I noticed a problem with GROUP BY in a query I am currently trying to debug. I have a DB table with the following structure (reduced from actual real life):
CREATE TABLE IF NOT EXISTS `product_variants` (
`id` int(11) unsigned NOT NULL AUTO_INCREMENT,
`product_id` int(11) unsigned NOT NULL DEFAULT '0',
`pid_merchant` varchar(50) NOT NULL,
`checksum` char(32) NOT NULL,
PRIMARY KEY (`id`),
UNIQUE KEY `checksum` (`checksum`),
KEY `product_id` (`product_id`),
) ENGINE=InnoDB DEFAULT CHARSET=latin1;
In this table, I have the following 2 rows (among many other millions):
INSERT INTO `product_variants` (`id`, `product_id`, `pid_merchant`, `checksum`) VALUES
(525555236, 628702710, 'ARTüöäß111', 'af5334b1193bf171580c70813ac83327'),
(525555241, 628702710, 'ARTüöäß222', 'cfe50fd9c3ca29fd957b839892313f82');
The query I'm currently debugging is attempting to find duplicate entries in this table based on pid_merchant
, in a very simple matter:
SELECT count(*), pv.* FROM product_variants pv WHERE pv.pid_merchant != '' GROUP BY pv.pid_merchant HAVING count(*) > 1
My problem is that both these results match, even though the actual pid_merchant
values are different - one ends in 111, the other in 222. Does anyone know how to approach this issue? I already tried grouping by MD5() and HEX(), by changing collation to latin1_german2_ci, by forcing binary or utf8 conversion and many others - pretty much all I could think of.

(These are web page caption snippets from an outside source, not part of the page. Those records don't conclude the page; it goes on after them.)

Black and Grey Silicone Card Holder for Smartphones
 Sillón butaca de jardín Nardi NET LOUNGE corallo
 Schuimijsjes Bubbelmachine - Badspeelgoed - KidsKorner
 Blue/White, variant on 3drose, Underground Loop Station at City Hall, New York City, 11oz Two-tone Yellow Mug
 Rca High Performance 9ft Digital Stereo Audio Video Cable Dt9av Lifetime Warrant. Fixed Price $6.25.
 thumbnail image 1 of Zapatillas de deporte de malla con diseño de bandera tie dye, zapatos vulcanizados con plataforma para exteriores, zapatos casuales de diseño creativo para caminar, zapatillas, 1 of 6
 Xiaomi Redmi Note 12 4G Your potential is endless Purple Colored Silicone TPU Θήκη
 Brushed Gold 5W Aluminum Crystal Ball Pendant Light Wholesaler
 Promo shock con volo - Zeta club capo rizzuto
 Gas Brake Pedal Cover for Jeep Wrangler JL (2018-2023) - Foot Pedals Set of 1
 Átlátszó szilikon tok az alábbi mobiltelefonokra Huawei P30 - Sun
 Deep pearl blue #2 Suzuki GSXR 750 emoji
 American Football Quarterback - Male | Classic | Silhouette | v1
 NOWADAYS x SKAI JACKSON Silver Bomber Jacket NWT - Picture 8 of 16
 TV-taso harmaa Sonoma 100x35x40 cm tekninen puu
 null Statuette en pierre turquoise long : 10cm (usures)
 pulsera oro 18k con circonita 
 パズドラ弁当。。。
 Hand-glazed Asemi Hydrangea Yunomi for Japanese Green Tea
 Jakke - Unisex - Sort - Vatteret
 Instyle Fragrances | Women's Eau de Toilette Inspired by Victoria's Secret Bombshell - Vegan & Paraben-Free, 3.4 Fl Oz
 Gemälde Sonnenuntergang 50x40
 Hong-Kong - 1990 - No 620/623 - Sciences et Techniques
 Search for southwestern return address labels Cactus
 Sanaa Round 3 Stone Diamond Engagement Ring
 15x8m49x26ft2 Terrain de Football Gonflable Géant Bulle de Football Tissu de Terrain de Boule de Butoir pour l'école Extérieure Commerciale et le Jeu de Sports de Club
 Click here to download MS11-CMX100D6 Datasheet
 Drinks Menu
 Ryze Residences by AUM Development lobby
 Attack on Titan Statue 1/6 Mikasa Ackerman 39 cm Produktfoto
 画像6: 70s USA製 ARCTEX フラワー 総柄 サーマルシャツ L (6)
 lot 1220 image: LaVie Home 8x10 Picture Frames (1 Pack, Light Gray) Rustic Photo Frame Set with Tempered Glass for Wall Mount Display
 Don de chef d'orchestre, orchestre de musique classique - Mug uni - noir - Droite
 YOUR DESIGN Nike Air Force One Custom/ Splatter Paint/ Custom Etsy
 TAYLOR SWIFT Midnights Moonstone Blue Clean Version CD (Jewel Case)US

Another weird thing is that it seems to confuse the values of Y and Ü (capital U with umlaute) while grouping (e.g. ABC-Y and ABC-Ü are considered as identical when grouping).
The server is running MySQL 5.5 on Ubuntu x64:
mysqld Ver 5.5.29-0ubuntu0.12.04.2-log for debian-linux-gnu on x86_64 ((Ubuntu))